Work instruction
Each line of data below is to be returned exactly, leaving out any picture.

====== Input ======

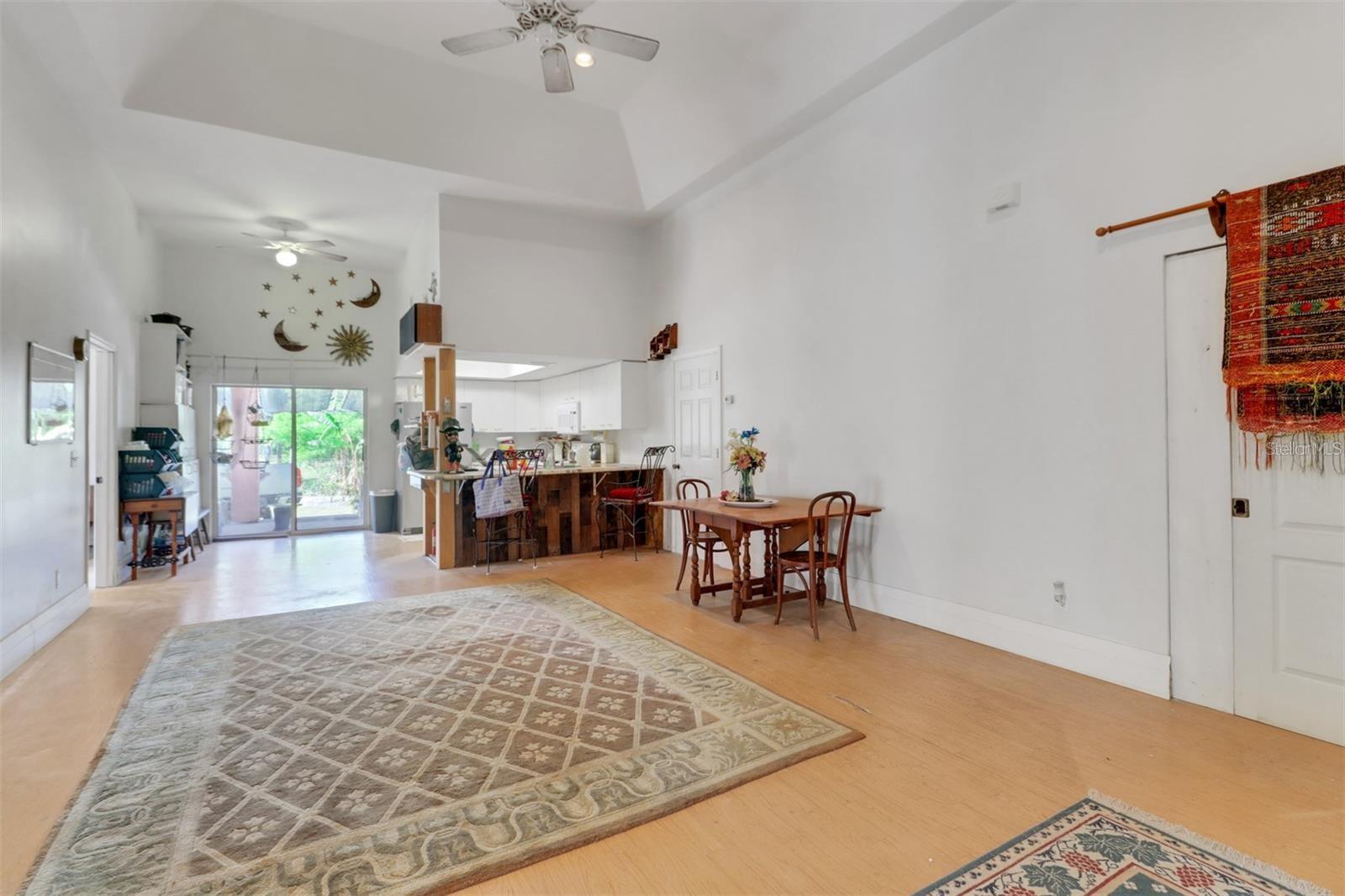 ACREAGE HEADER - Residential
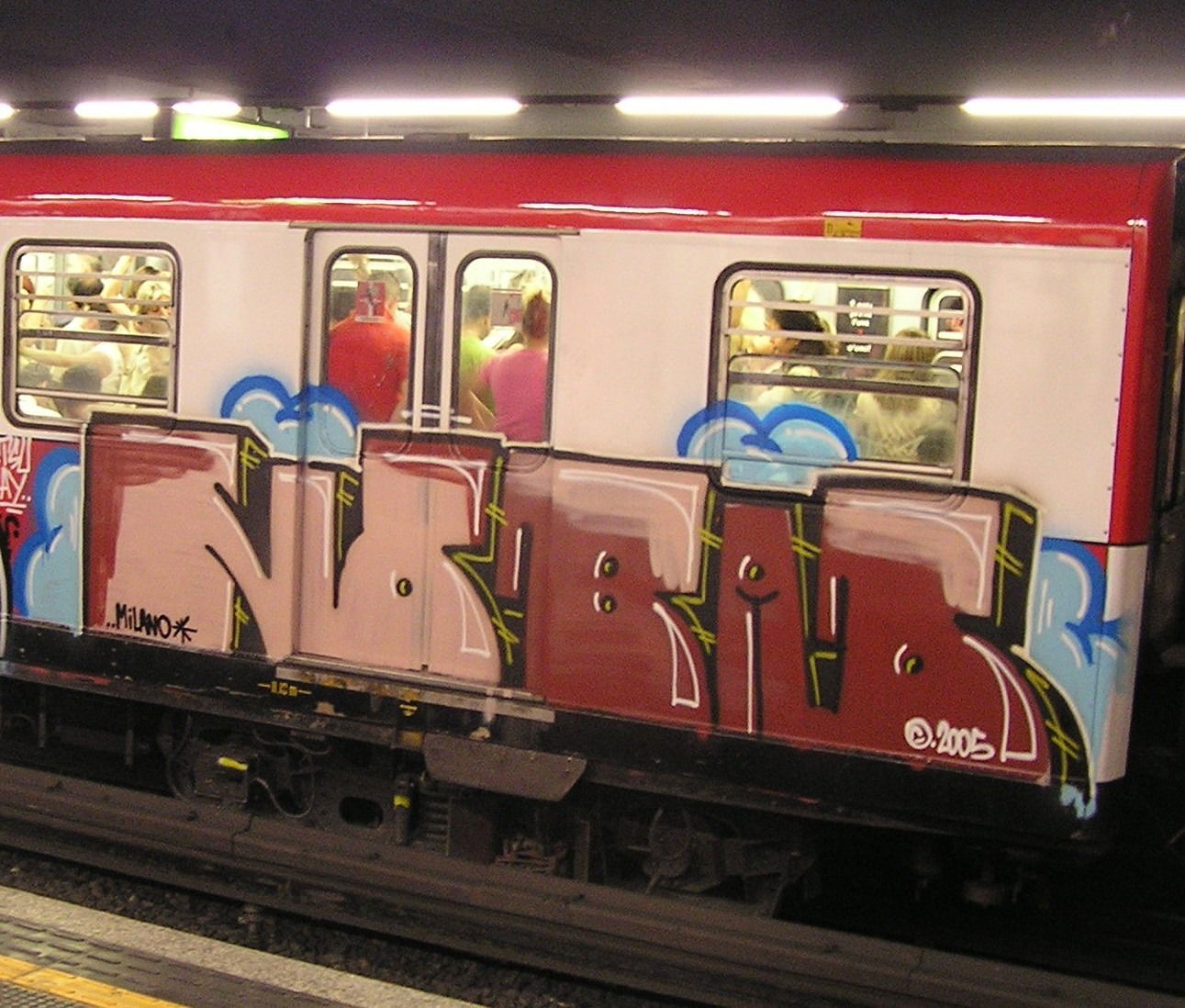 Graffiti Train - Photo by Viss - No, Bad (2005)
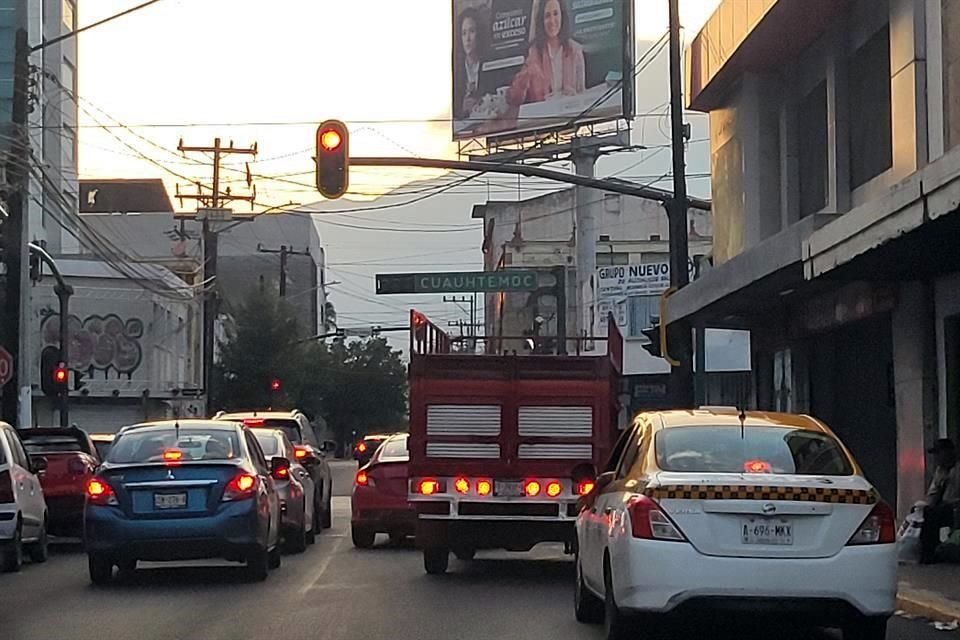 El Municipio de Monterrey estima acabar con el retiro de semáforos viejos antes de que termine la Administración.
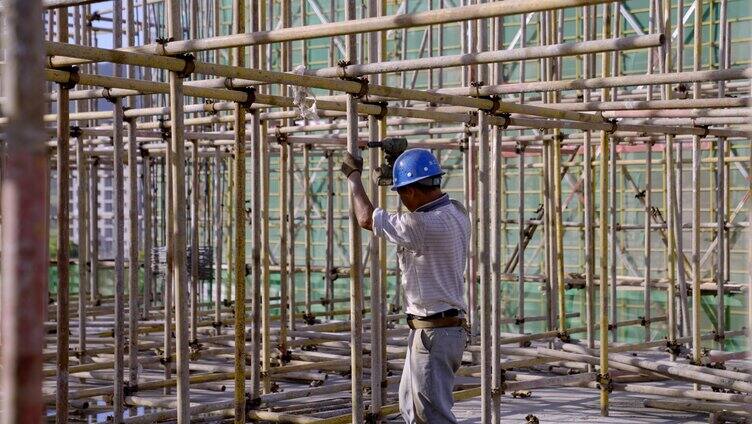建筑工地男工人女工人扎钢筋劳作「组镜」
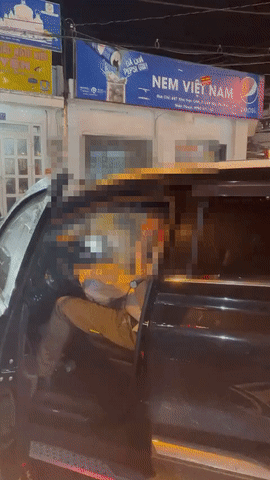 Vụ xe điên ở TP Thủ Đức: Xuất hiện clip ghi lại biểu hiện đáng chú ý của tài xế ngay sau khi gây tai nạn khiến nhiều người bị thương-1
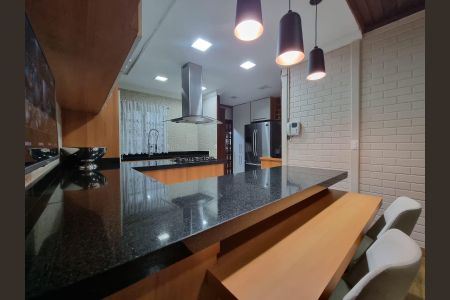 Casa à venda com 212m², 3 quartos e 6 vagas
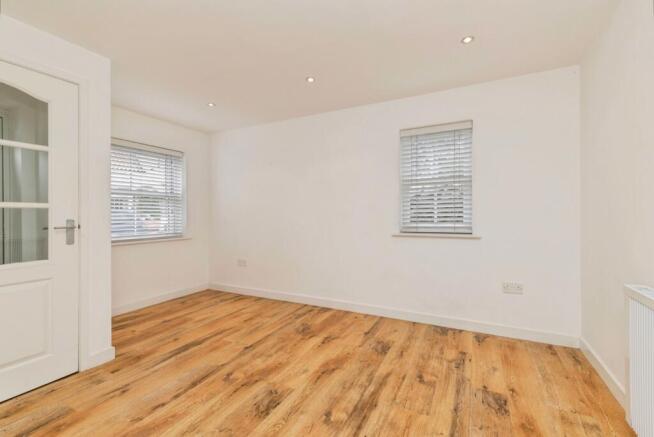 2 bed Semi-Detached for sale Image 10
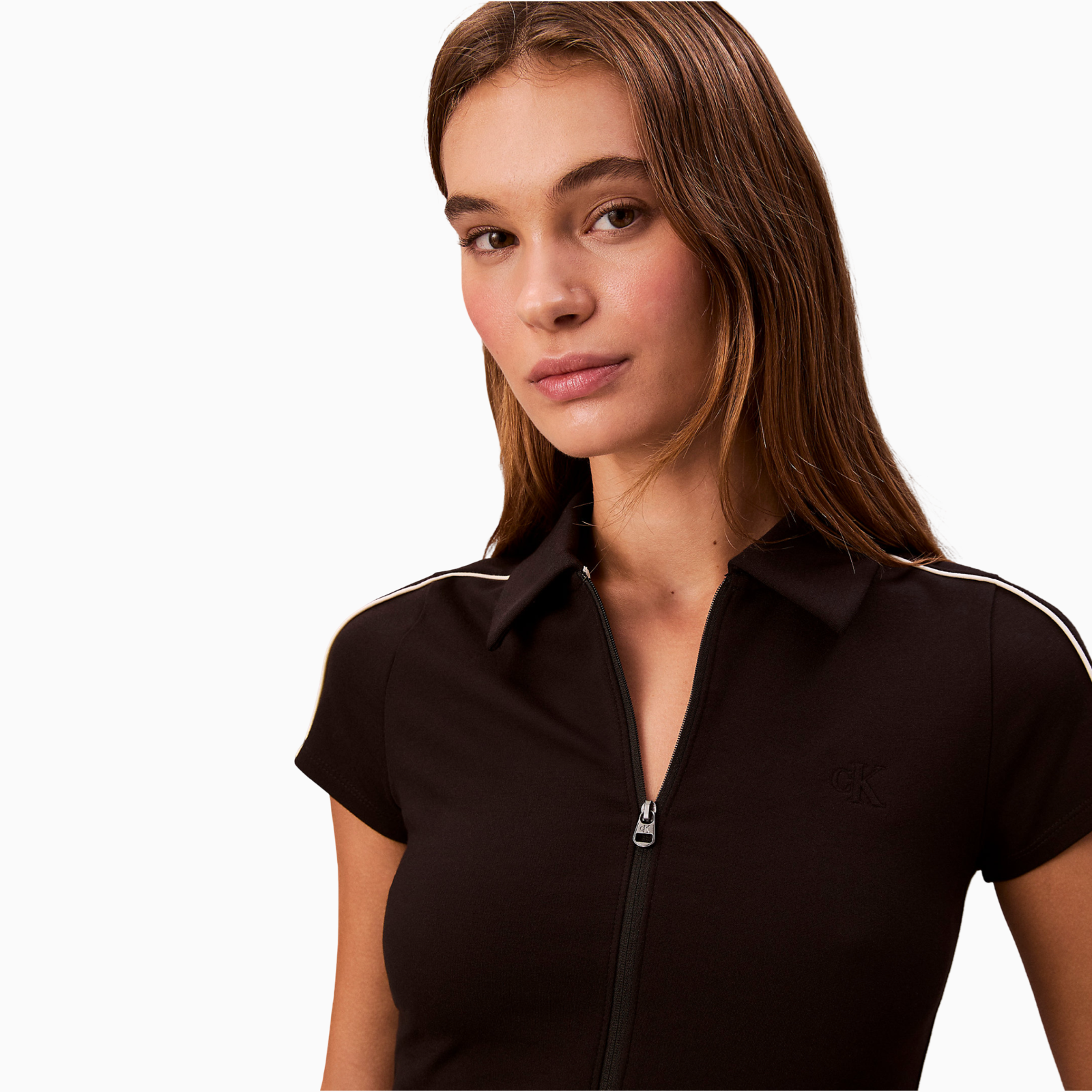 Дамска поло тениска Calvin Klein Jeans Tech Knit Cropped Polo LV047E212G UB1 Close-Up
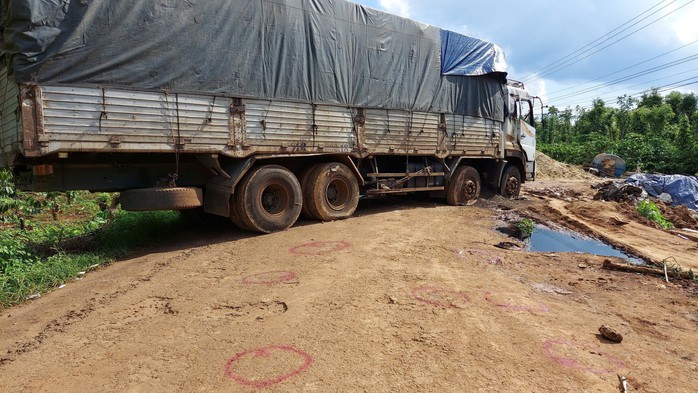 Tài xế xe tải 2 lần thoát chết trong vụ tấn công trụ sở xã ở Đắk Lắk - Ảnh 3.
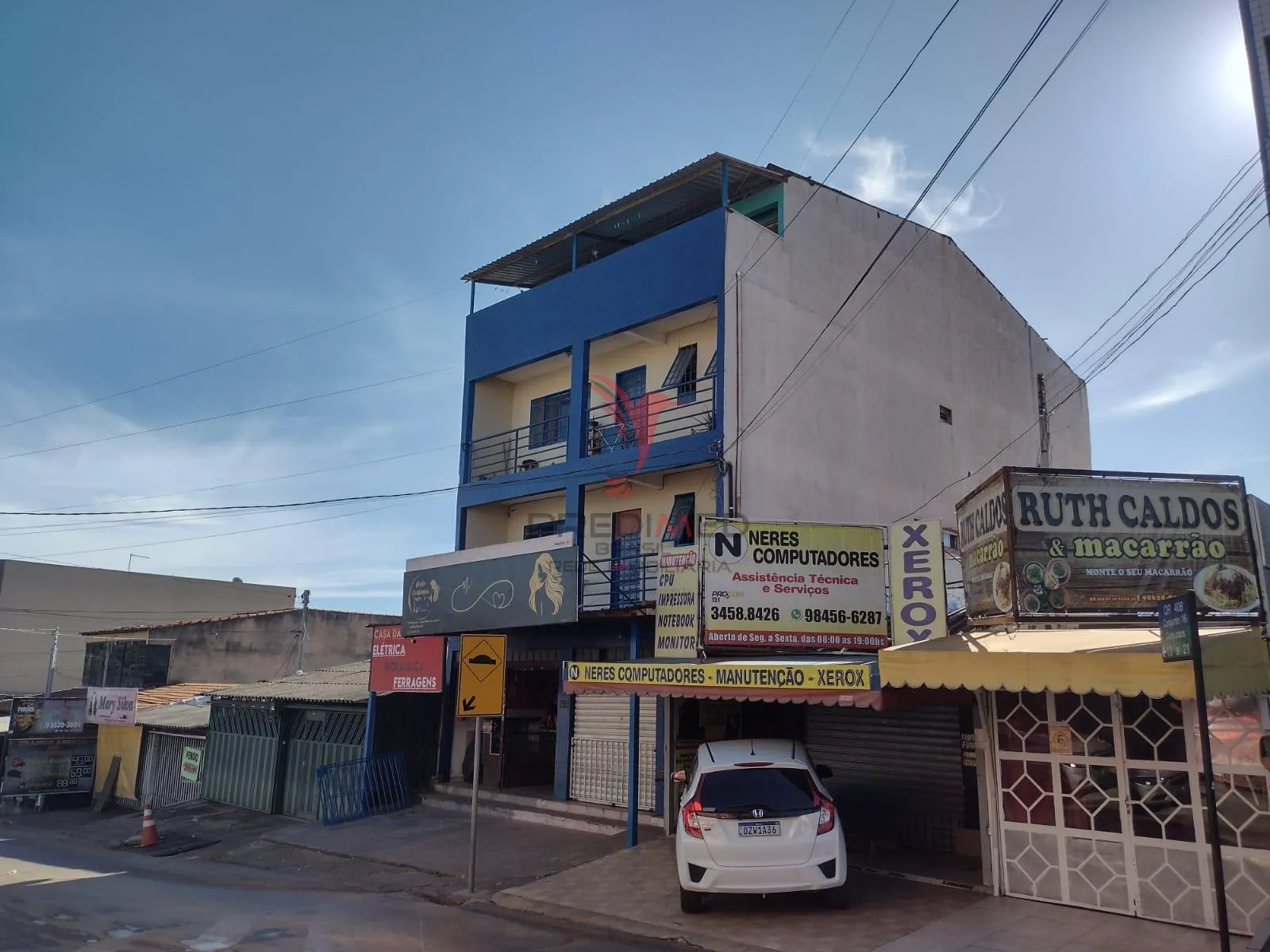 Imagem PRÉDIO MISTO | QR 408 | SAMAMBAIA NORTE - DF - R$ 1.350.000 | Renda Mensal ~R$ 10.000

======

Expected output
 ACREAGE HEADER - Residential
 Graffiti Train - Photo by Viss - No, Bad (2005)
 El Municipio de Monterrey estima acabar con el retiro de semáforos viejos antes de que termine la Administración.
建筑工地男工人女工人扎钢筋劳作「组镜」
 Vụ xe điên ở TP Thủ Đức: Xuất hiện clip ghi lại biểu hiện đáng chú ý của tài xế ngay sau khi gây tai nạn khiến nhiều người bị thương-1
 Casa à venda com 212m², 3 quartos e 6 vagas
 2 bed Semi-Detached for sale Image 10
 Дамска поло тениска Calvin Klein Jeans Tech Knit Cropped Polo LV047E212G UB1 Close-Up
 Tài xế xe tải 2 lần thoát chết trong vụ tấn công trụ sở xã ở Đắk Lắk - Ảnh 3.
 Imagem PRÉDIO MISTO | QR 408 | SAMAMBAIA NORTE - DF - R$ 1.350.000 | Renda Mensal ~R$ 10.000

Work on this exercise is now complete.